Each Participant, any beneficiary or the Participant’s estate, as the case may be, is solely responsible and liable for the satisfaction of all taxes and penalties that may be imposed on or for the account of such Participant in connection with this Plan (including any taxes and penalties under Section 409A), and neither the Corporation nor any Designated Subsidiary or affiliate shall have any obligation to indemnify or otherwise hold such Participant or beneficiary or the Participant’s estate harmless from any or all of such taxes or penalties.
If and to the extent that Share Units would otherwise become payable upon a Change of Control as defined in the Plan, such payment will occur at that time only if such change of control also constitutes a “change in ownership”, a “change in effective control” or a “change in the ownership of a substantial portion of the assets of the Corporation” as defined under Section 409A and applicable regulations (a “409A Change in Control”). If a Change of Control as defined in the Plan is not also a 409A Change in Control, unless otherwise permitted under Section 409A the time for the payment of Share Units will not be accelerated and will be payable pursuant to the terms of the Plan and applicable Grant Agreement as if such Change of Control had not occurred.

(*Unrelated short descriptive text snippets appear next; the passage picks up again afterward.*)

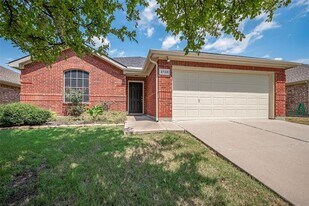 2728 Enchanted Eve Dr in Little Elm, TX - Building Photo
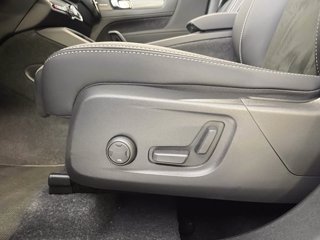 VOLVO XC40 Black Edition Ultra, B3 Mild hybrid, Benzina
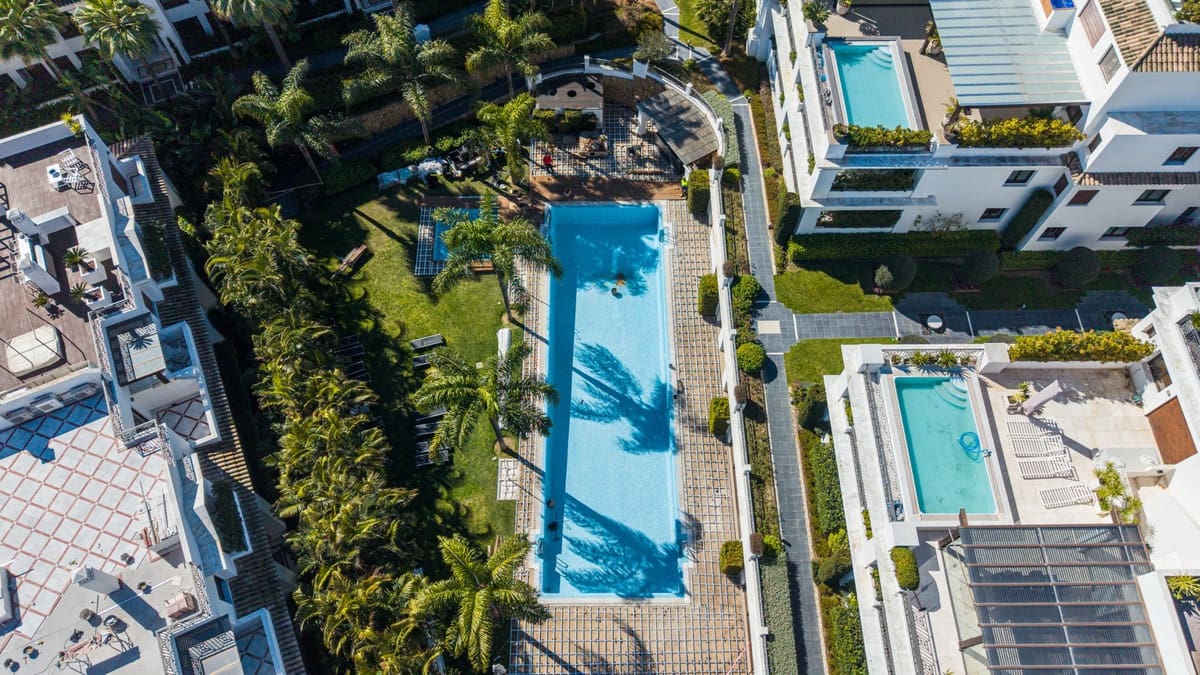 3 chambre Appartement à vendre à Estepona - 1 700 000 € (Ref: 9943769)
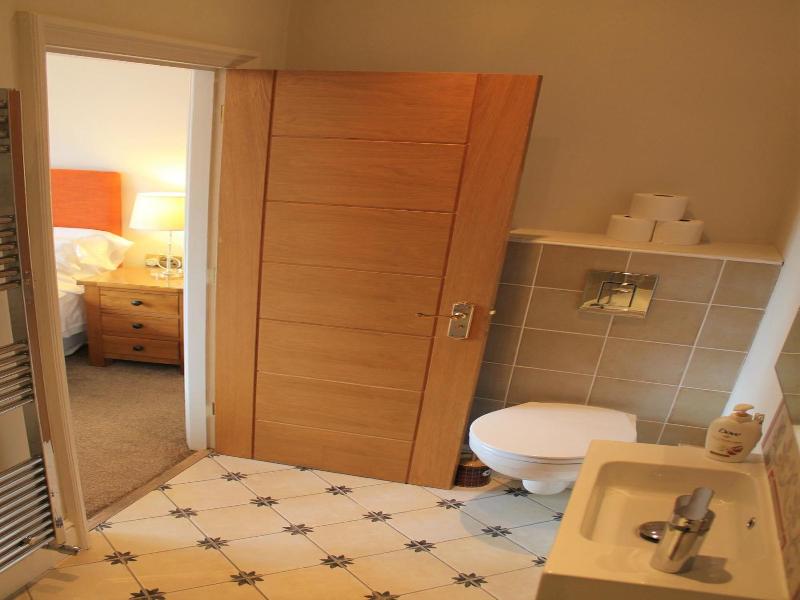 The Bentinck Hotel image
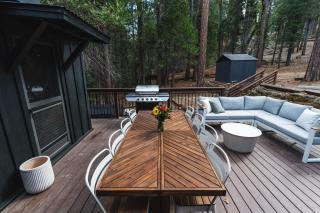 Rare Stay Inside Yosemite NP w Hot Tub, AC, WiFi - 6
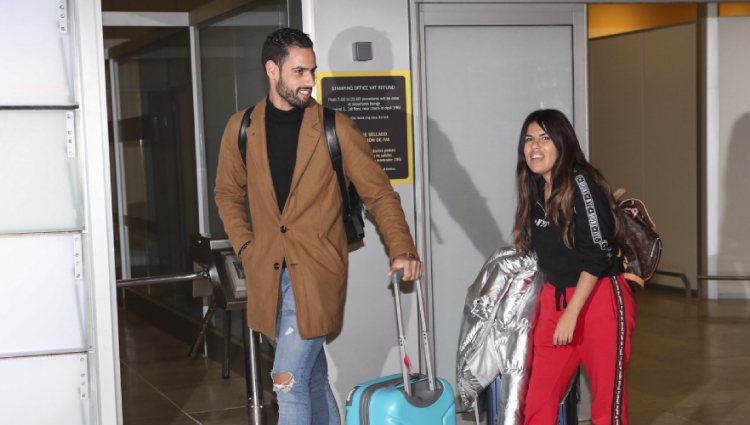 Chabelita Pantoja y Asraf Beno en el aeropuerto tras su escapada romántica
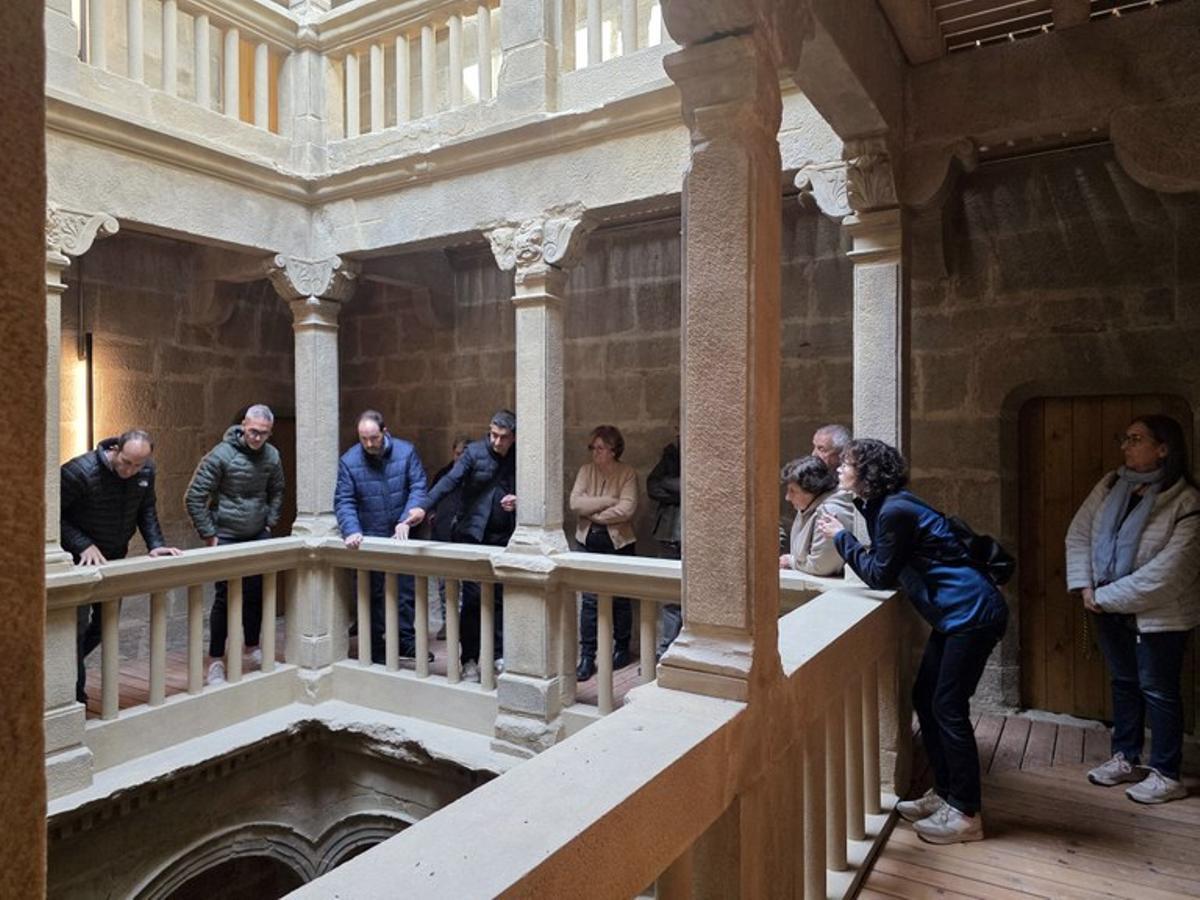 Visitants en un dels espais interiors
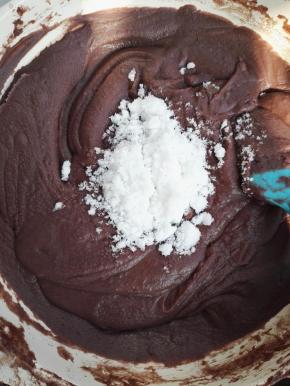 7、加入白糖，翻炒均匀。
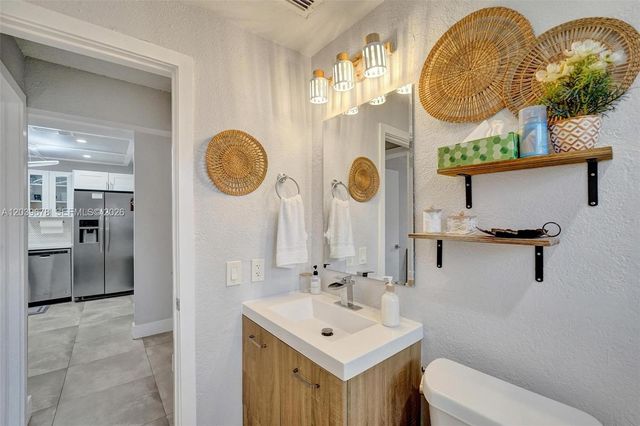 5535 SW 24th Ave, Dania Beach, FL 33312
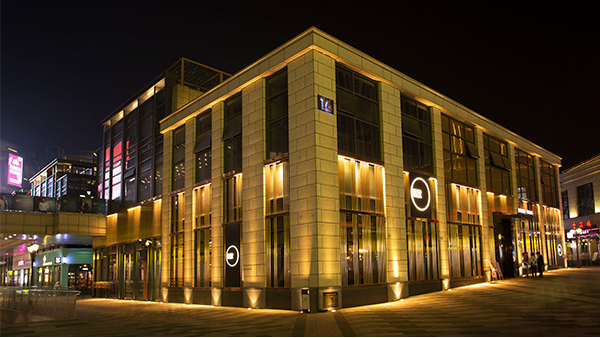 商場(chǎng)如何提升人氣流量？做亮化工程不可少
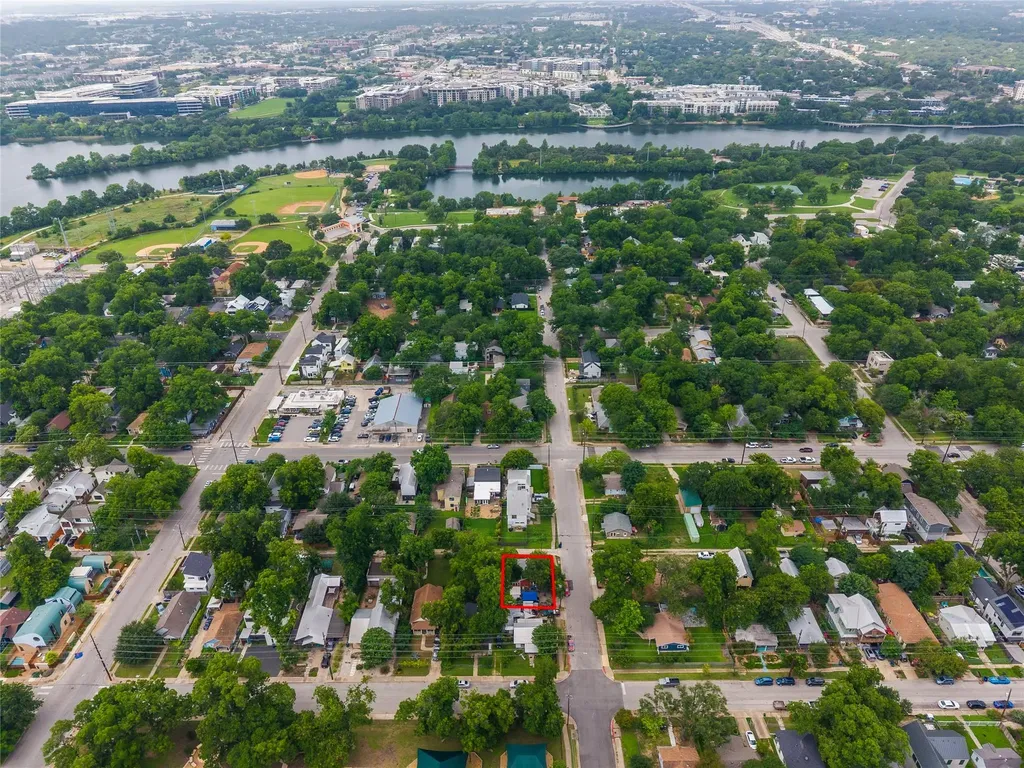 67 Anthony Street Austin TX 78702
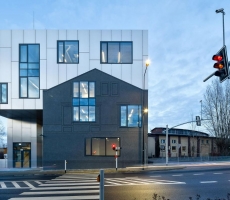 H11 Boutique Office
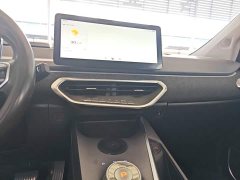 Geely Geometry C Blueberry C400 - ფოტო 13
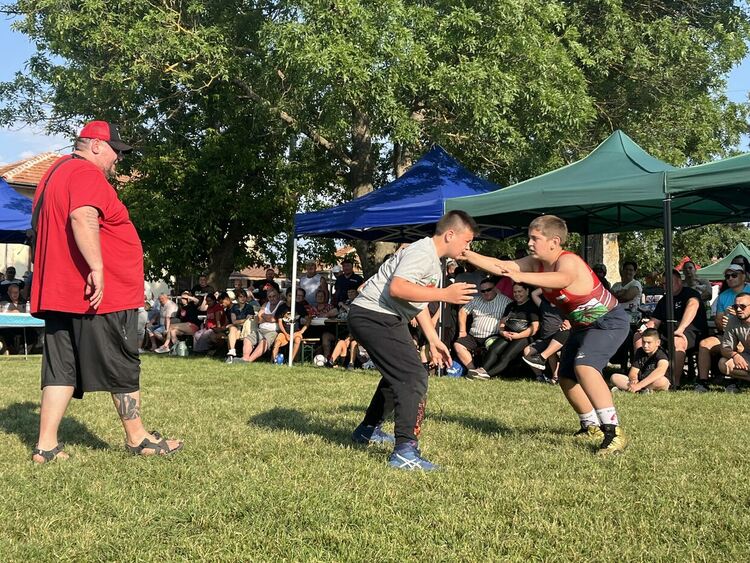 Над 60 борци излязоха на алая в село Иваново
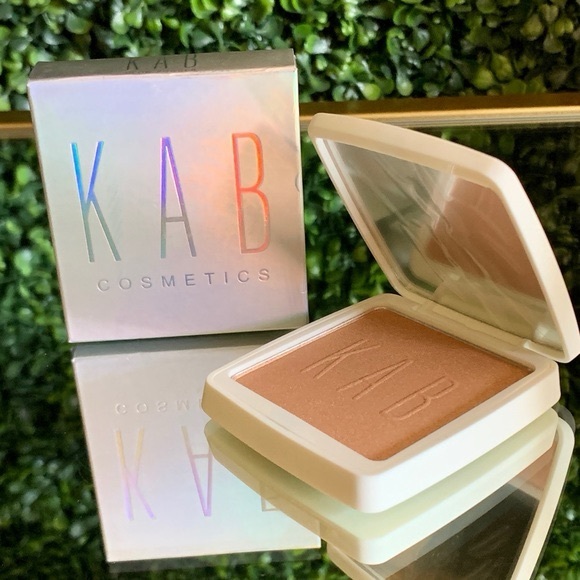 🆕KAB COSMETICS GLOW POWDER IN BRONZED BABE🆕 - Picture 4 of 8
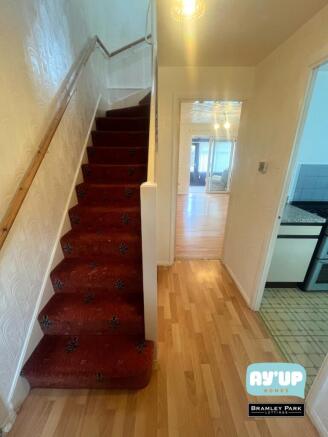 2 bed Terraced to rent Image 12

In the event that the Committee determines that any amounts payable under the Plan will be taxable to a Participant under Section 409A prior to payment to such Participant of such amount, the Corporation may (i) adopt such amendments to the Plan and Share Units and appropriate policies and procedures, including amendments and policies with retroactive effect, that the Committee determines necessary or appropriate to preserve the intended tax treatment of the benefits provided by the Plan and Grant Agreement and/or (ii) take such other actions as the Corporation determines necessary or appropriate to avoid or limit the imposition of an additional tax under Section 409A.
EFFECTIVE DATE: May 26, 2009, as amended MAY 29, 2012, as further amended June 5, 2014, as further amended on January 25, 2017, as further amended on January 23, 2019.